• About this exercise: Below are the entries; give again exactly the lines from the one mentioning "Istanbul Old City" through the one mentioning "2024 RAM 1500", inclusive.

• Data extract:
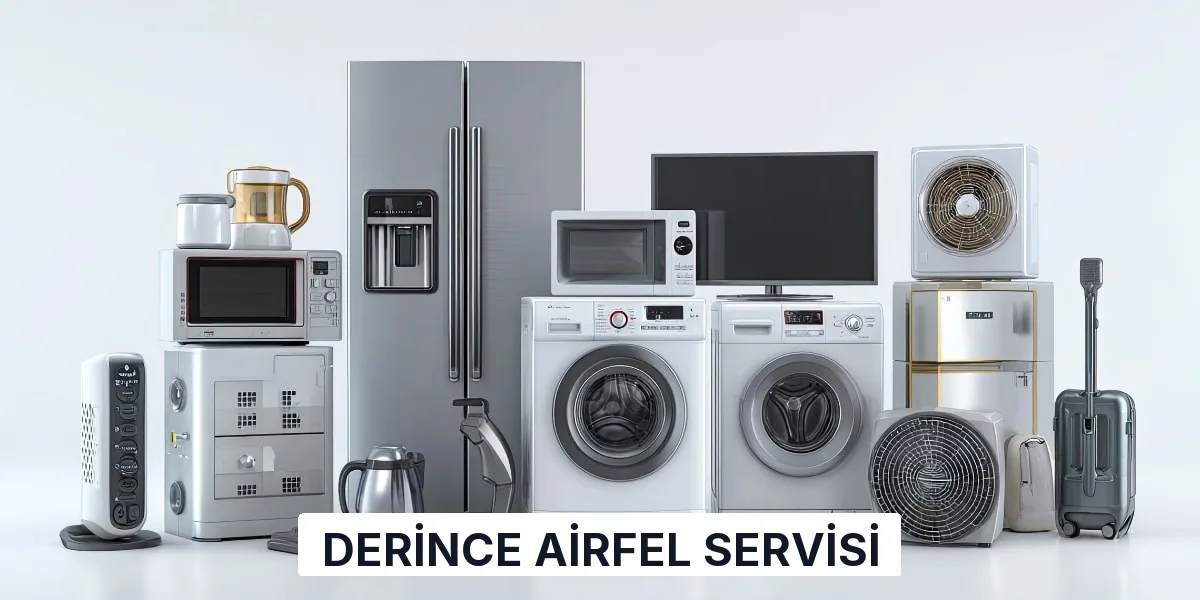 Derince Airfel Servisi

==

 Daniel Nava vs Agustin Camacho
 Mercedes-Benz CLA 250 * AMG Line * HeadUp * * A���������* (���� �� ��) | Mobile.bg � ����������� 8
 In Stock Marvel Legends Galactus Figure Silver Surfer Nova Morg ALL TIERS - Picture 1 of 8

* * *

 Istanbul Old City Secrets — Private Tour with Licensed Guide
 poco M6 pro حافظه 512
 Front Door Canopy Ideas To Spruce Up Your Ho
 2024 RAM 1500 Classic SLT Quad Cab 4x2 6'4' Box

• Exercise result:
 Istanbul Old City Secrets — Private Tour with Licensed Guide
 poco M6 pro حافظه 512
 Front Door Canopy Ideas To Spruce Up Your Ho
 2024 RAM 1500 Classic SLT Quad Cab 4x2 6'4' Box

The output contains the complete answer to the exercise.